Charles Levesque, executive director of Depaul USA, a homeless-services charity reflects on the feel-good story of Ted Wiliams, the homeless man with the golden voice. “Williams’ saga is not just a story of an individual given a chance to triumph over adversity. It’s also a potent reminder of the incalculable costs of homelessness – the talents, skills, and possibilities society forfeits when people lose their homes and their way.” As you read this commentary keep in mind these questions…

  • How many ted Williams are there?
  • How many have you ever taken the time to listen to?
  • As a family  John Paul II challenged to look at “underlying causes and long-term colutions” how can we collaborate?

What the region’s homeless need

As featured in The Philadelphia Enquirer 19th Jan 2011.

http://www.philly.com/inquirer/opinion/20110119_What_the_region_s_homeless_need.html

By Charles W. Levesque

The feel-good story of this young year was about Ted Williams, the homeless Columbus, Ohio, man with the golden voice. Williams’ encounter with a newspaper journalist resulted in a fleet, Internet-assisted reversal of fortune. After a video of him speaking in his plummy baritone went viral, he was offered voice-over and broadcasting jobs, reunited with his estranged mother, and whisked to New York for an appearance on the Today show.

One couldn’t help but be moved by the story. Trained as a broadcaster, Williams ended up homeless after struggles with drugs and alcohol. Now he has a chance to break the chains of addiction and homelessness.

Such a chance won’t come as easily to the 2,000 Philadelphians who spend each night in homeless shelters and the 500 others living on city streets. It will require sustainable funding, more collaboration among agencies serving the homeless, deeper partnerships with the business community, and public commitment to ending this scourge.

Philadelphia is blessed with well-known, effective programs for the homeless, including Project H.O.M.E., the Salvation Army, Covenant House, and Bethesda Project. My organization’s Depaul House, in Germantown, helps three-quarters of its residents make the transition to a job, a home, and a small savings account within a year.
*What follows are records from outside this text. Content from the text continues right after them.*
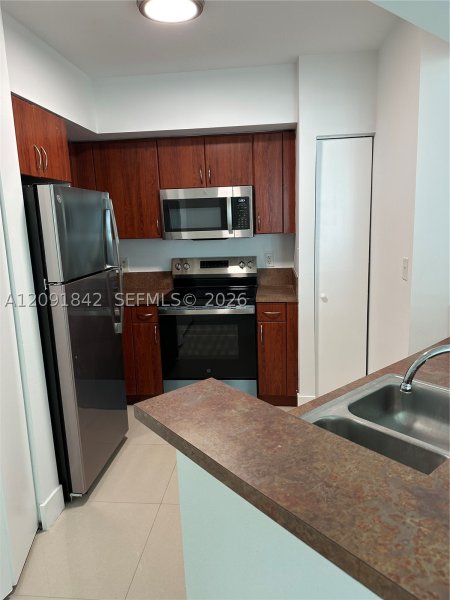 Property photo # 6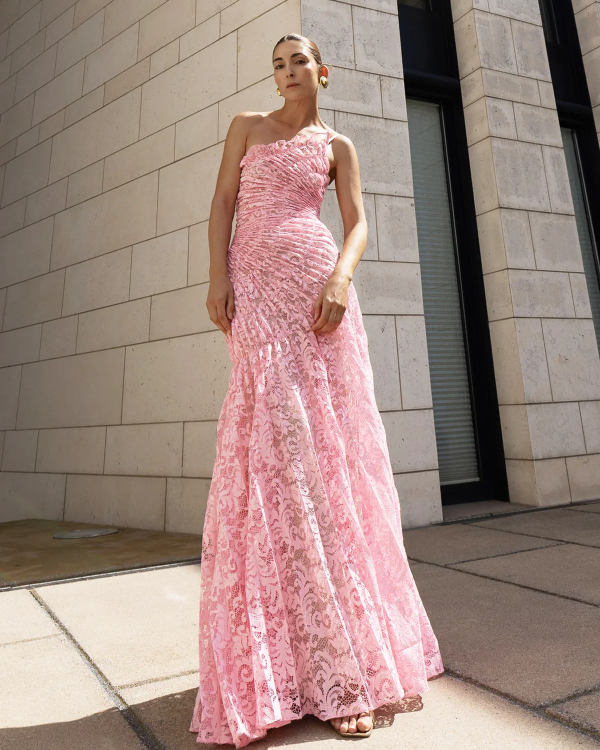 35 Best Lace Wedding Guest Dresses for Every Dress Code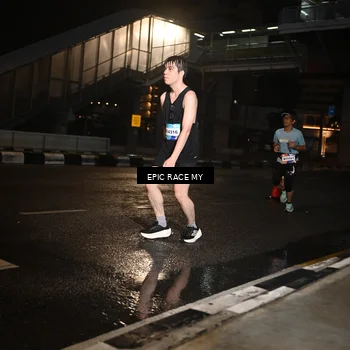 Runner Photo 7709386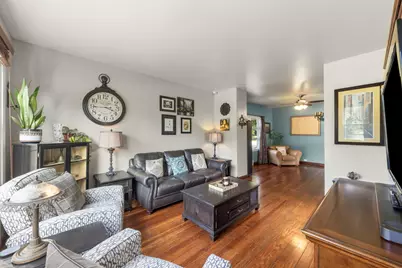 1928 Curtiss Street, Downers Grove, IL 60515 - Photo 4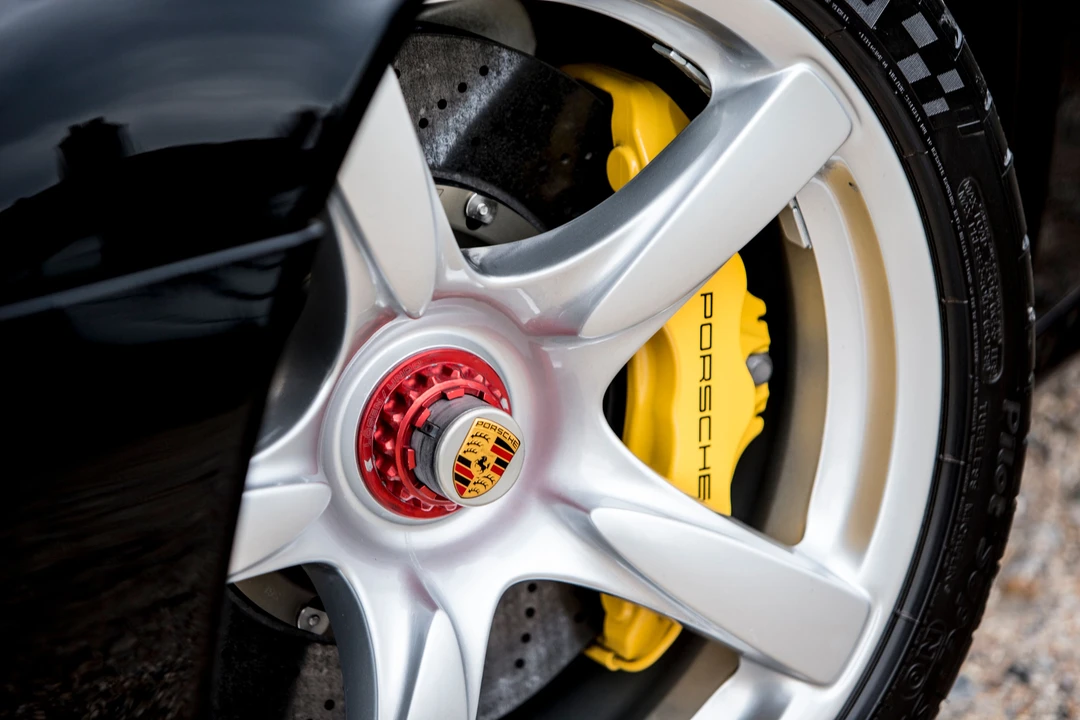 2004 Porsche Carrera GT - Image 23 of 25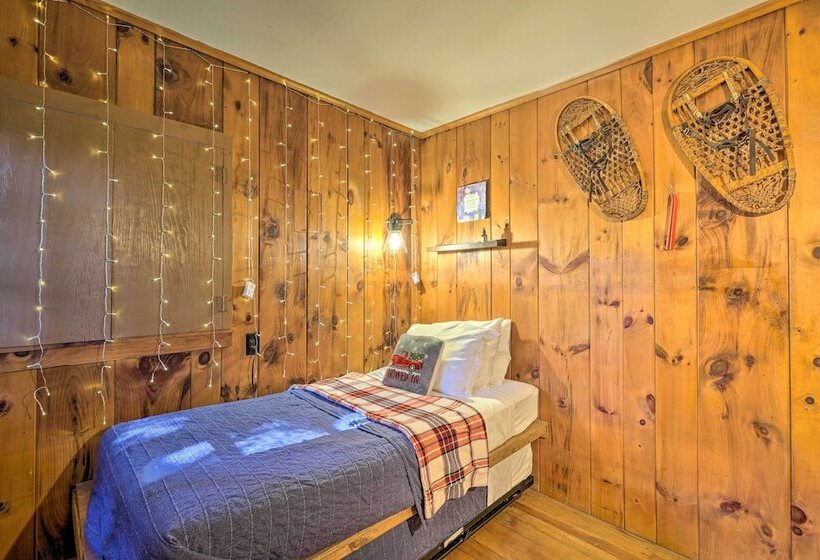 Charming Wilmington Cabin, 8 Mi. To Mt Snow!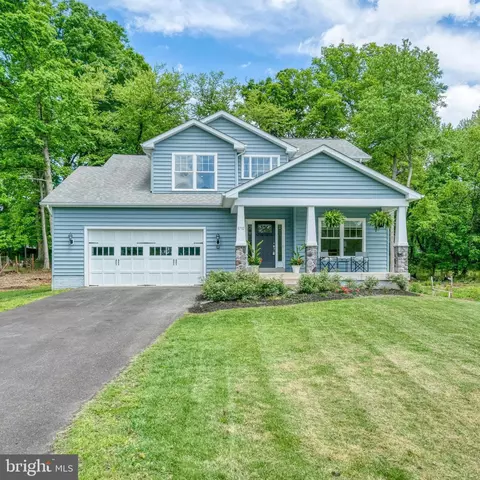 8732 Redman St, Springfield, VA 22153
Residents get an array of services – job-readiness training, continuing education, mental-health counseling – but they come at a cost, and the program is small. Depaul House serves only 25 men at a time, and government funding covers only 60 percent of its costs.

Agencies serving the homeless typically cobble together government funds, foundation grants, and individual donations for support, and all three legs of this stool are wobbly. Governments are facing mounting deficits, and taxpayers are reluctant to pay for additional services. Foundations cannot fund programs in perpetuity. And individual giving has declined in the economic downturn.

A new business model is needed. Unfortunately, it’s not clear what that model is. Should shelter housing be increasingly incorporated into and subsidized by market-rate housing? Should every new housing facility for the homeless contain space that can be rented to generate income? Should shelters launch more social enterprises or purchase business franchises to generate revenue and employ residents? Or will such activities distract them from their core missions and diminish their efficacy?

What is clear is that, in an era of limited resources, collaboration among homeless organizations is essential. Innovative collaborations draw on the expertise of each agency, reduce administrative costs, bring new perspectives, and avoid duplication.

Here, too, Philadelphia boasts good models, including Connelly House, a joint housing initiative of Project H.O.M.E. and Bethesda Project. Depaul House is providing staff to Project H.O.M.E.’s winter respite shelter for women, which will reduce the cost of the program and train Depaul’s staff to serve a new population. With the looming closure of the 300-bed Ridge Avenue Shelter, collaboration will be even more essential.

For many, the key to ending homelessness is employment. But hiring the homeless often means taking a risk on people with spotty work histories, past struggles with substance abuse, and criminal records. The challenge is even greater in the current economy. A job bank formed as a partnership between homeless agencies and businesses should be a goal for the Philadelphia region.

Real progress in fighting homelessness will also require recalibrating public attitudes. Homelessness as a cause has lost its cachet, and public patience with the homeless is short.

This is where the Williams story can help. Williams’ saga is not just a story of an individual given a chance to triumph over adversity. It’s also a potent reminder of the incalculable costs of homelessness – the talents, skills, and possibilities society forfeits when people lose their homes and their way.